#### Captioned web image data
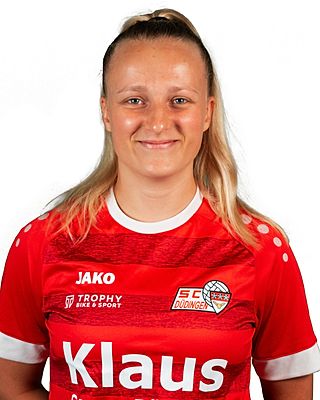 Lena Hirter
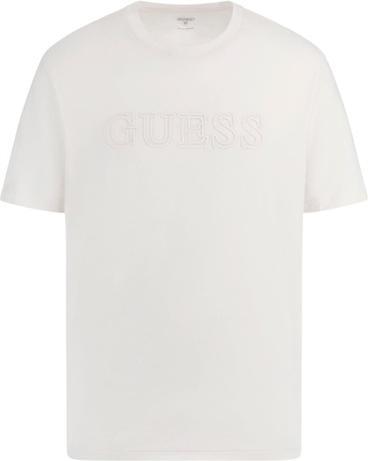 Produktbild Guess SS ALPHY T-SHIRT Z2YI11J1314 SCFY L XL (XL)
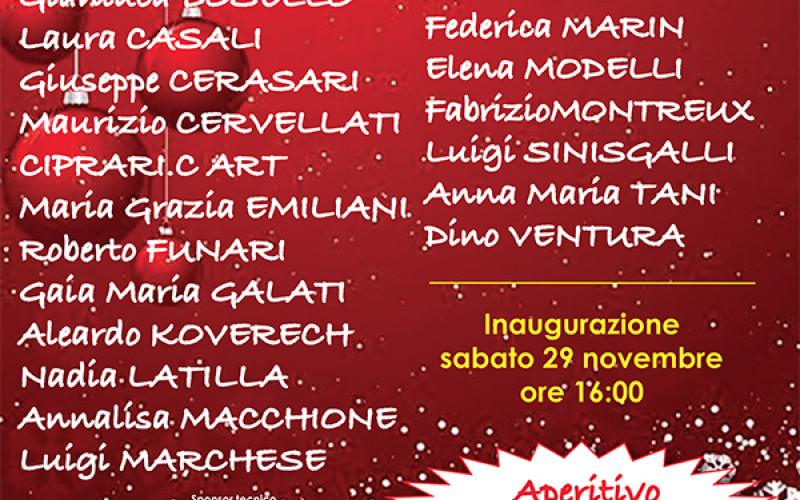 Mostra di Natale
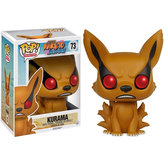 Funko POP Animation: Naruto - 6´ Kurama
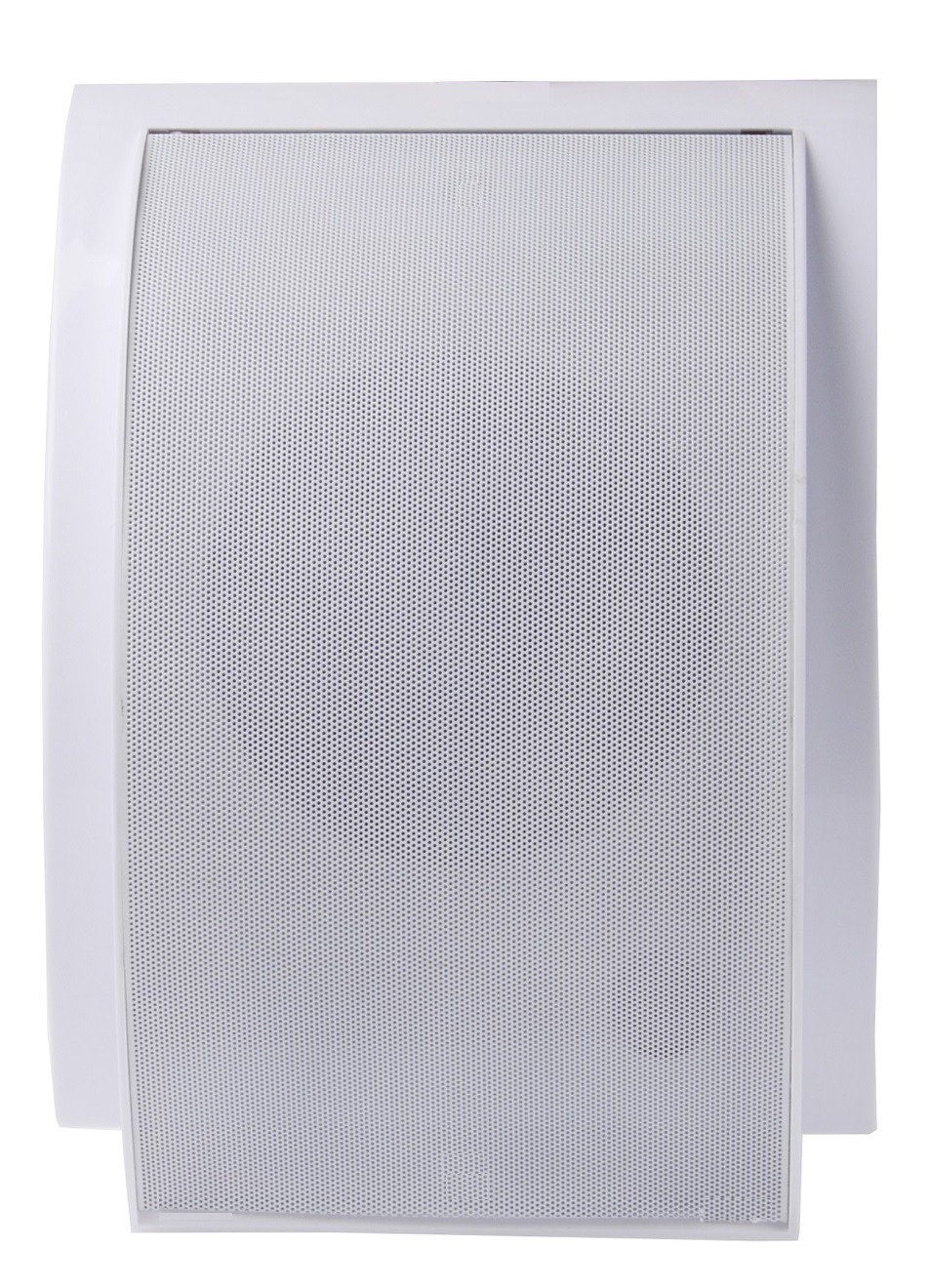 wall-mounted speaker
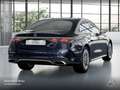Mercedes-Benz E 220 d AMG Fahrass 360° Pano Distr. HUD Sitzklima Blau - thumbnail 4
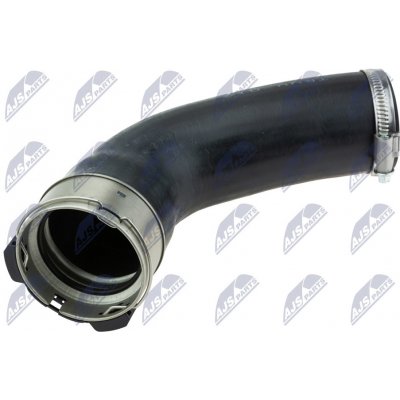 Hadička plnicího vzduchu NTY GPP-VV-016 | Zboží Auto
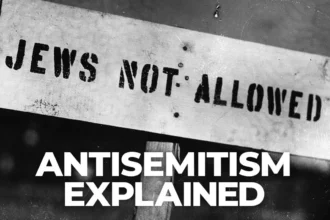 antisemitismo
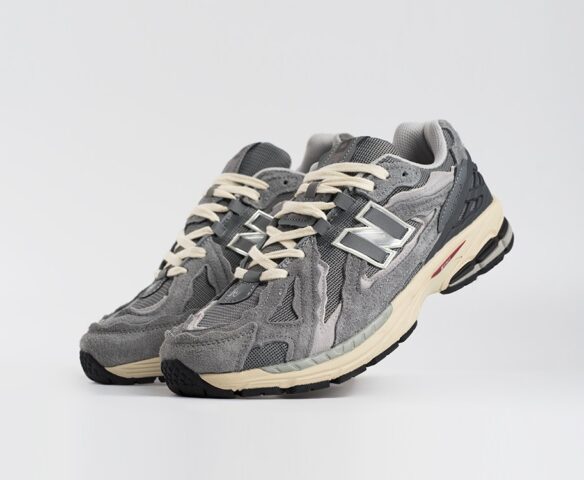 New Balance 1906D серые 44304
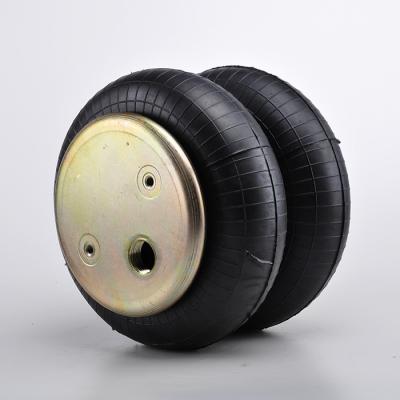China W01-358-6902 Firestone Double Convoluted Air Bags for sale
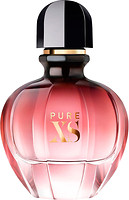 Фото Paco Rabanne Pure XS for her 30 мл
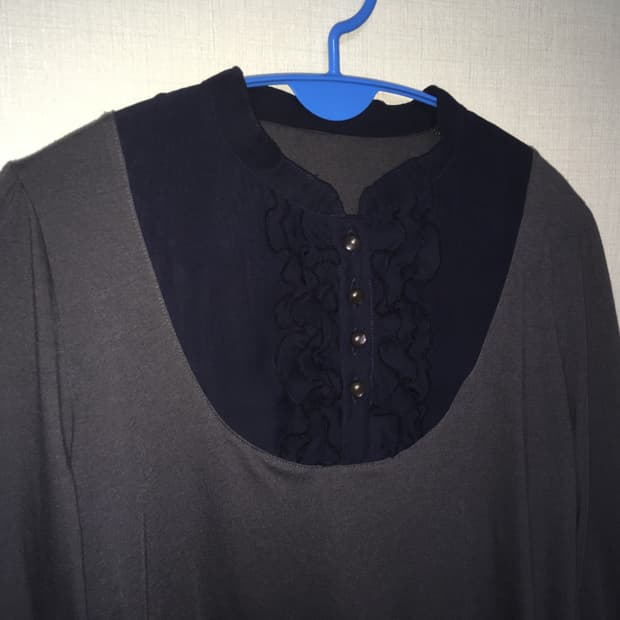   vintage top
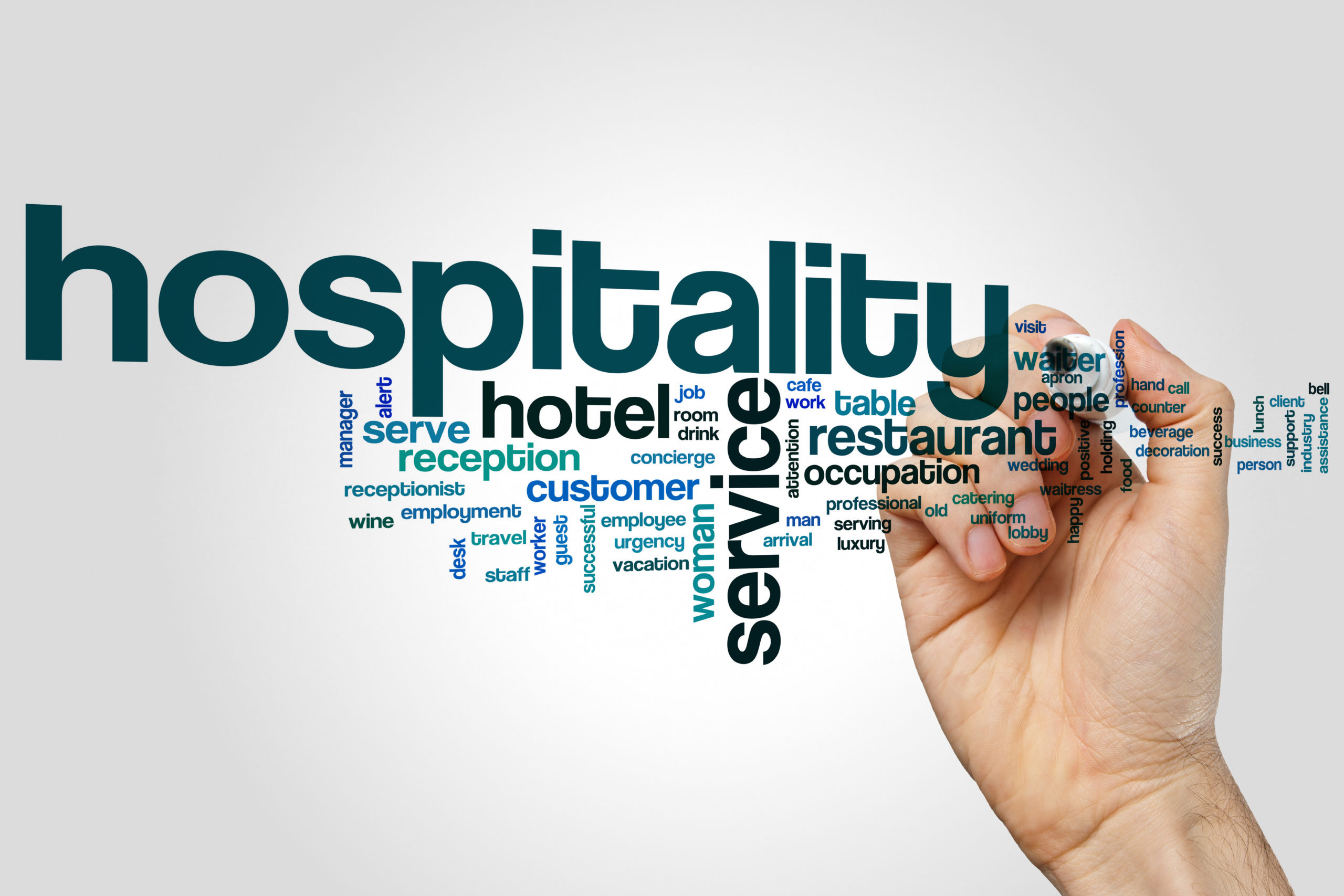 Sectors Hospitality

#### TASK INSTRUCTIONS
Quote only the lines that start at the line holding "Mercedes-Benz E 220" and end at the last line of the entries, including both of those lines, and omit every picture.

#### RESPONSE BELOW
Mercedes-Benz E 220 d AMG Fahrass 360° Pano Distr. HUD Sitzklima Blau - thumbnail 4
 Hadička plnicího vzduchu NTY GPP-VV-016 | Zboží Auto
 antisemitismo
 New Balance 1906D серые 44304
China W01-358-6902 Firestone Double Convoluted Air Bags for sale
 Фото Paco Rabanne Pure XS for her 30 мл
   vintage top
 Sectors Hospitality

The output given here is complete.